Sculpt the clay into a design you want to cast in aluminium. Start with a basic shape, such as the body, head and limbs of a person, to create the general size and proportion of the art. Later, add details to the design and smooth out any rough edges. Ensure that the clay is balanced and can stand on its own.
Allow the clay to dry completely. This will take at least two days; larger pieces will take longer. Fire your piece in a kiln following the manufacturer's directions for your type of clay. This will turn it into a sturdy ceramic sculpture.
Create a rubber skin mould of the sculpture's exterior. Paint the rubber skin liquid on the surface of the sculpture, or seek a foundry worker to do this for you. When it dries, this material will pick up each detail of the art piece. Remove the rubber mould from the ceramic sculpture.
Coat the inside of the rubber mould with melted wax. Create a 1/4-inch thick layer around the inside of the mould. Allow the wax to dry and remove the rubber mould. You will now have a hollow replica of your ceramic sculpture.
Pour an investment plaster inside the wax replica and apply it to the outside of the piece as well. This plaster, which is mixed with sand and other refractory aggregates, creates a shell around the wax mould and holds the aluminium as it takes the shape of the wax.

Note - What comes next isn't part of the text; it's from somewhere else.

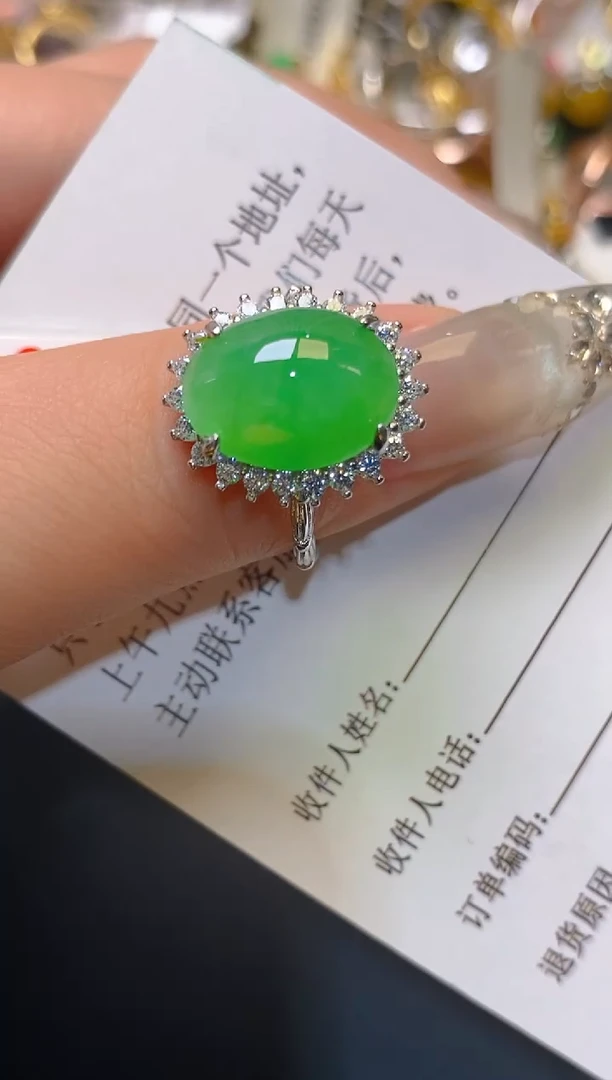 【闪购商品】翡翠耳饰银S925镶嵌天然A货翡翠1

Put on protective gear, including leather boots and gloves, and safety goggles or a full-face shield. Wear thick cotton clothing, including a long-sleeve shirt and trousers, which won't melt under the high heat.
Pour melted aluminium into the plaster mould. The hot aluminium will melt and replace the wax inside the mould.
To reveal your cast aluminium sculpture, shatter the outside of the mould with a hammer once the metal begins to harden. When the metal is completely dry, polish the aluminium to whatever texture you desire.
Many artists choose to hire a professional foundry worker to make the castings of the ceramic sculpture and pour the metal.
Ensure the work area is well ventilated. When pouring melted aluminium, work over dry sand to catch any liquid spills. Remove any flammable materials from the foundry area to prevent fires.